Thursday, September 13th 2007, 10:25AM
by Jenny Ruth
In leaving his official cash rate unchanged at 8.25%, Bollard highlighted the global credit concerns and the risk of a weaker US economy while also noting widespread inflation pressures.The finance company collapses could act to further dampen activity in some areas of the economy but Bollard's current view is that such effects will be relatively contained.
Financial markets were little changed after the statement, making it unlikely there will be any resulting changes in mortgage rates, and economists are remarkably unanimous in their views of the statement.

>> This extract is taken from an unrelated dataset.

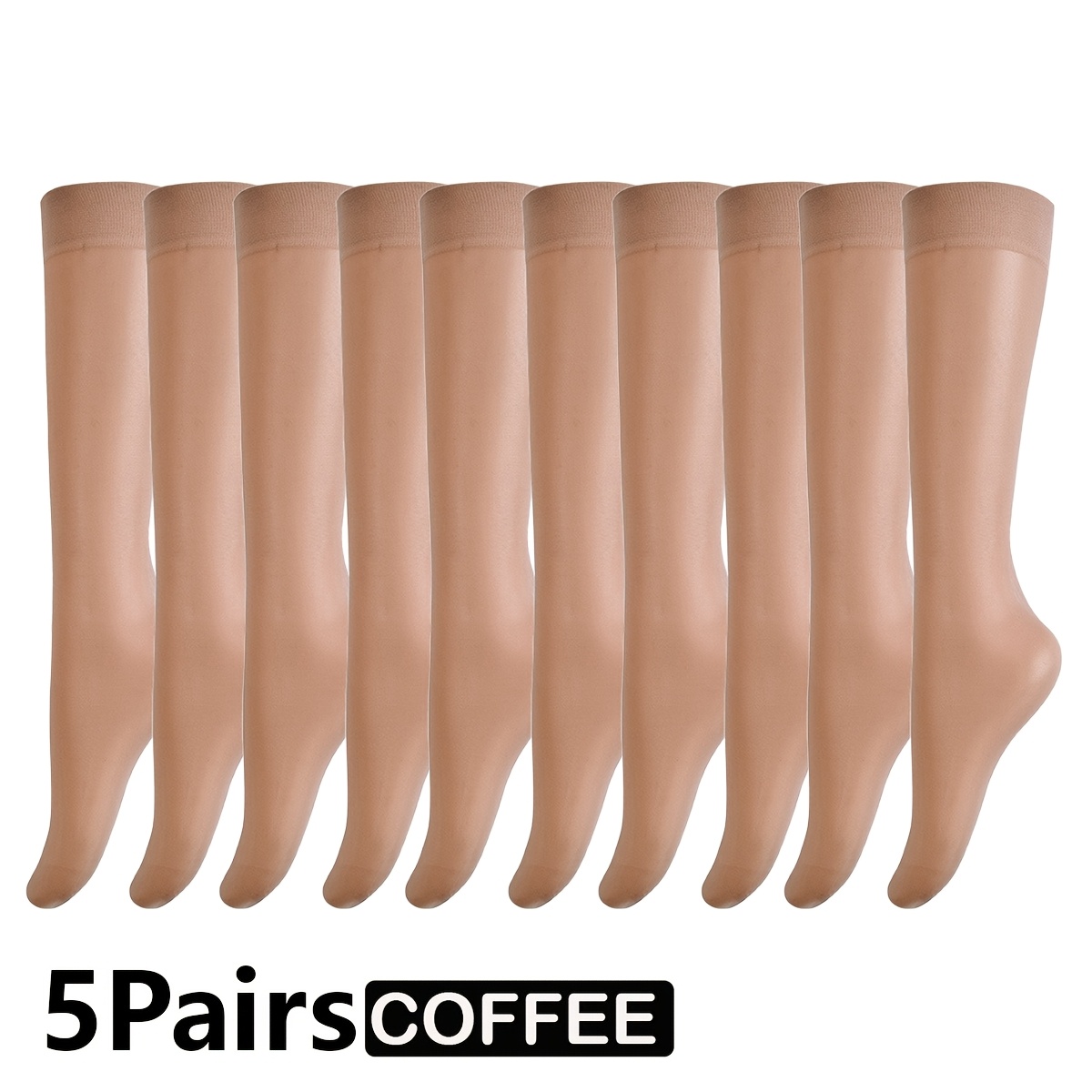 5 Pairs Plus Size Casual Calf Socks, Women' And Breathable Sheer Stretchy Knee High Socks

"It was pretty neutral," says Nick Tuffley, chief economist at ASB Bank. While it's likely that Bollard will hold rates steady well into next year, "if we get a really nasty melt-down in the global economy, that's the scenario under which we might see rates come down."
Craig Ebert at Bank of New Zealand says the statement was "pretty even-handed" although it is clear that Bollard is "not entirely comfortable about the inflation outlook."
The central bank raised its expectations of where inflation will head in the near term back towards 3%. The bank is pledged to maintain inflation between zero and 3% over the medium term.
"The slowdown in housing is no more than what the bank expected," Ebert says. "If it rebounds later this year and into next year, and global issues blow over ... suddenly it's a very ugly inflation picture again."
Robin Clements at UBS New Zealand says Bollard has "taken the centre line, pretty well." The market had been expecting Bollard to provide clues as to which way he was leaning but he has "pretty much left it up in the air, that we will watch and wait, which I think is quite appropriate."
The global turmoil is adding further pressure to an economy showing signs of slowing but there are also inflationary consequences in the surge in dairy incomes, rising food prices, a falling exchange rate and rising petrol prices, Clements says.